O Bispo Emérito de Aveiro reflecte sobre as violações da pessoa e diz que são mais graves que as violações da natureza que os grupos ambientalistas procuram salvaguardar. Na crónica desta semana, o Bispo Emérito aborda questões como o aborto e a violência em ambiente escolar para lembrar que são casos cada vez mais numerosos.
Em prol de uma ecologia da pessoa humana.
Os movimentos ecológicos acordaram, em comum, para a resposta à interpelação urgente de um sinal dos tempos, que se pode traduzir pelo grito de respeito e defesa da natureza criada, ameaçada e, em muitos casos, já destruída, pelos atropelos que contra ela muitas pessoas fazem. Justifica-se a preocupação, dado que se trata de um bem de todos e a todos necessário. O que já se conseguiu neste campo, sobretudo com as crianças e a gente mais nova, é impressionante. Muito é o que se tem feito através da educação nas escolas, das campanhas publicitárias e da multiplicação dos meios adequados e acessíveis que ajudam a respeitar ambiente natural e a saber classificar e recolher resíduos e desperdícios. Se recordarmos o que entre nós se passava há trinta ou quarenta anos, vemos uma diferença abissal neste aspecto, hoje com proveito para toda a gente.

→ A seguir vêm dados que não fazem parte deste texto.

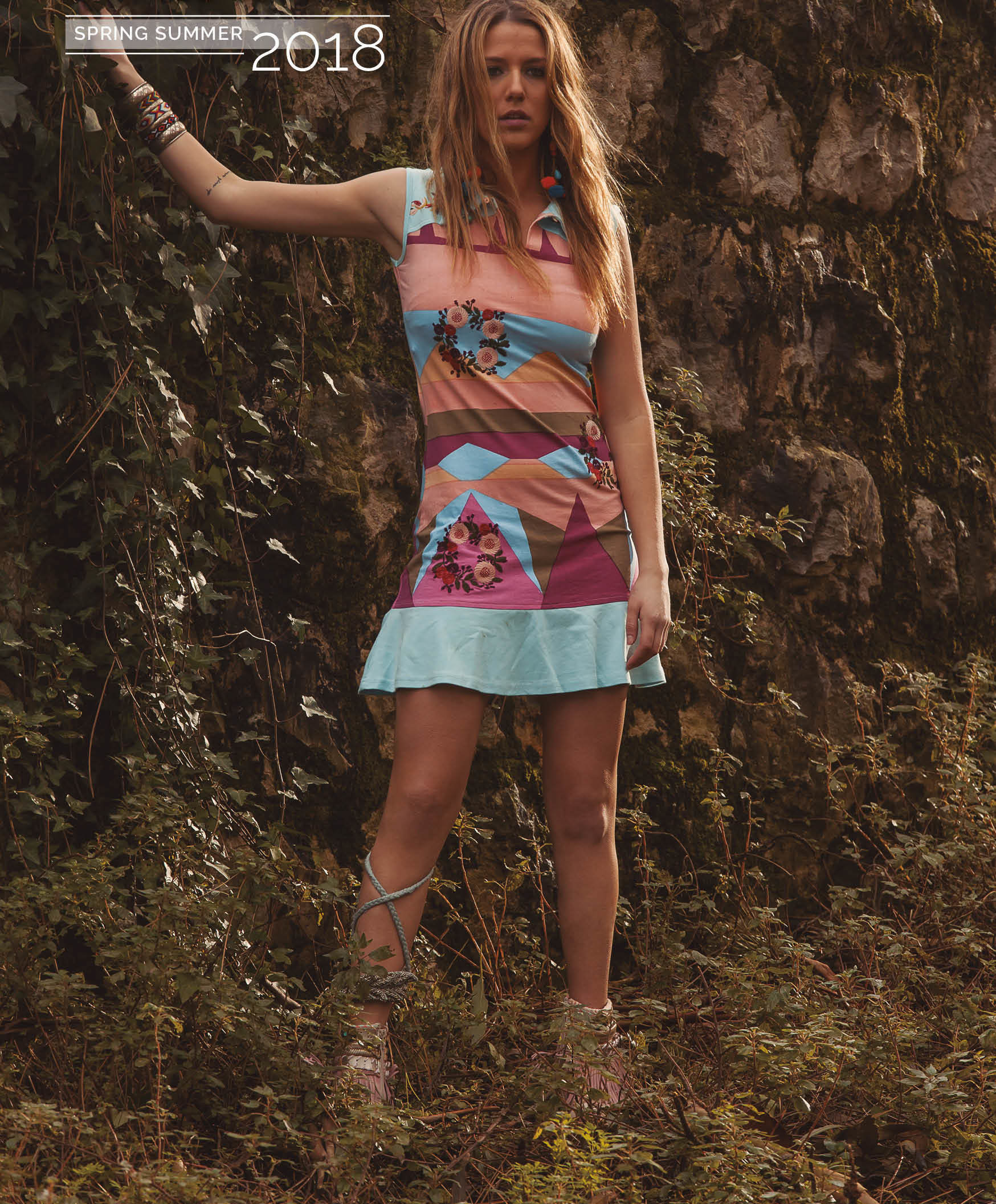 Savage Culture: Colors Of Venecia T-Shirt Ruffled Dress/Tunic SAVAGE_34100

Acontece, porém, que natureza criada é, também, a natureza humana, a pessoa concreta e, no respeito por ela, há ainda muito caminho para andar. É verdade que a defesa da natureza criada e do que ela comporta e significa faz-se em razão das pessoas. Mas não podem parar aí os cuidados comuns. Há, segundo o que vemos e sentimos, a urgência de uma defesa clara da natureza humana, ou seja, das pessoas concretas, frente às agressões graves contra as leis que regem a sua vida.
Pensemos, por exemplo, na distribuição, nos centros de saúde públicos, de anticonceptivos químicos que bloqueiam, interrompem e desviam o curso normal das leis da natureza, muitas vezes com consequências graves na saúde da mulher. Cientistas de grande valor internacional, defendem e provam que os métodos naturais, não por razões morais ou religiosas, mas por razões científicas provadas, são os únicos que respeitam a sequência normal das leis da natureza em relação à concepção de novas vidas.
Atento, desde há muitos anos, a este problema, nunca vi os movimentos de ecologistas preocupados com o que se faz em relação ao aborto e com a destruição das mulheres, protagonistas de primeira importância, humana e social, na procriação. Os raciocínios correntes são redutores e parece interessar mais a eficácia, o imediato sem esforço, que o respeito pela natureza humana e suas leis, em ordem à vida procurada e defendida. Dirão que a ciência tem, também, a sua palavra. Pois que a diga, ao serviço da vida, não da sua destruição.
As violações da pessoa humana são mais numerosas e graves que as violações da restante natureza. Delas passam ao lado muitos ecologistas, delas se ocupa o Estado com mezinhas jurídicas. A sociedade foi-se deixando anestesiar e para tudo encontra justificação? Kabril Gibran, um profeta dos tempos novos, escreveu: “Os homens não têm a felicidade nos lábios, nem a verdade nas suas entranhas, porque a felicidade é filha das lágrimas e a verdade é gerada pela dor”. Quando as pessoas não valem, todas as coisas sobram. Uma ecologia a favor da pessoa humana não pode ser fruto de facilidades, de distracções, de prazeres imediatos. É uma luta diária. A natureza é para as pessoas e são as pessoas que lhe dão sentido e valor consistente.